For the second half, I became a financial planner. Today, I sit across from couples, widows, and families navigating difficult transitions. I listen to their stories.
And sometimes, I hear the fallout from choices that once felt perfectly safe.
A life transition that came faster than expected
A spouse who didn’t know accounts existed
A retirement balance that had quietly been reduced
Seeing both sides changed my perspective on marriage, money and what it takes to build a stable life. It made me aware.
And awareness, it turns out, is a form of love.
It's a way to love and honor yourself and your family by consciously protecting what you’re building.
Marriage is more than a feeling. It needs a plan.
We plan for everything: career, insurance, retirement, emergencies. But marriage? We treat it like a fairy tale. Fairy tales, it turns out, have no contingency plans.
That quiet assumption that love is enough, especially when it comes to money, puts subtle pressure on both people.
One carries the financial weight. The other adapts, supports, and can optionally step back from their own financial identity.
It can work beautifully for a season. Life doesn't stay there.
A strong marriage plans for "what if." Because life happens, and you want to still be a team when it does.
Know the numbers, even if you don't manage the money.
Both partners need to understand what's happening financially.
Delegating tasks is fine.
Delegating awareness is not.
Here's the minimum you should know:
✅ What accounts exist and what they hold
✅ What you own and what you owe
✅ Access to accounts (logins and passwords)
✅ Credit established in your own name
✅ Where money is going each month
✅ What major financial decisions are being made
These aren't signs of distrust. They are signs of being a full participant in a shared life.
Staying home is a gift. Staying present in your own life is, too.
I loved those years. Being present with my kids was one of the most meaningful things I've ever done.
But another reality exists too.
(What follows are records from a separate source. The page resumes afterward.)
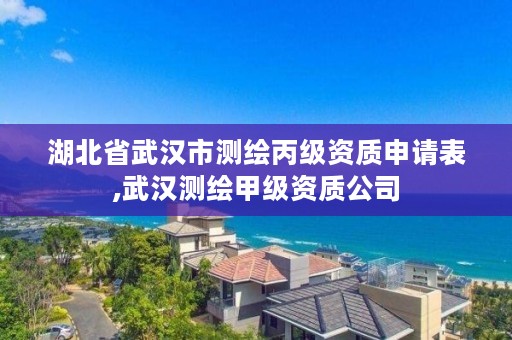 湖北省武汉市测绘丙级资质申请表,武汉测绘甲级资质公司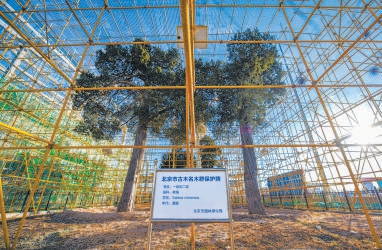 工地现场，被围栏包裹严实的古树群得到妥善保护。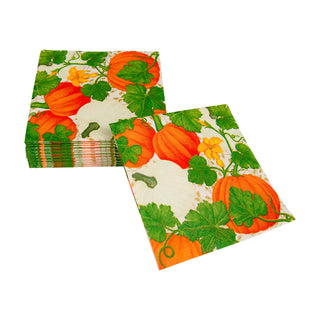 Pumpkin Chintz White Cocktail Napkins - 20 Per Package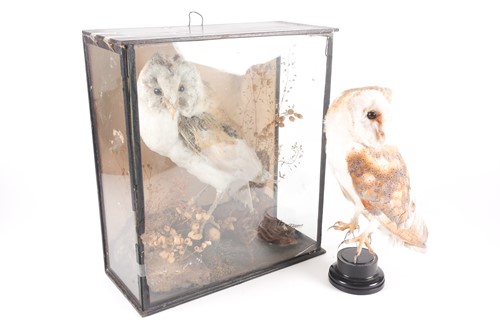 Lot 156 - A Victorian taxidermy display of a barn owl in...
Stepping away from the workforce for years creates gaps that don't fully close without careful planning — in retirement savings, in Social Security credits, in earning power. I felt it personally when I re-entered. I still feel behind sometimes.
If you're at home full-time, these are worth tending to:
📄 Keep your resume current
🤝 Maintain a professional network, even a small one
💼 Consider part-time or flexible income stream or volunteer positions
📚 Keep your skills sharp and build new ones
🎯 Think about what re-entry would look like, before you need to
The financial gap is real. And it compounds.
When I re-entered the workforce, I felt the gap immediately. Those years out had a compounding effect that, even decades later, hasn't fully closed. Women in particular feel this.
Stepping back may be necessary. It requires intention and a plan.
A few questions worth considering
Not as a test. Just as a starting point for an honest conversation with yourself, or your partner.
🔑 If something happened to your partner tomorrow, could you step in financially?
💬 When did you last talk about money together?
🪪 Do you have financial standing in your own name?
📊 Do you know what your household's biggest financial asset is?
🗺️ If your life changed significantly, would you have a path forward?
The strongest partnerships I see are built on two people who stay aware, stay involved, and make decisions together over time.
They keep showing up and adjusting as life changes.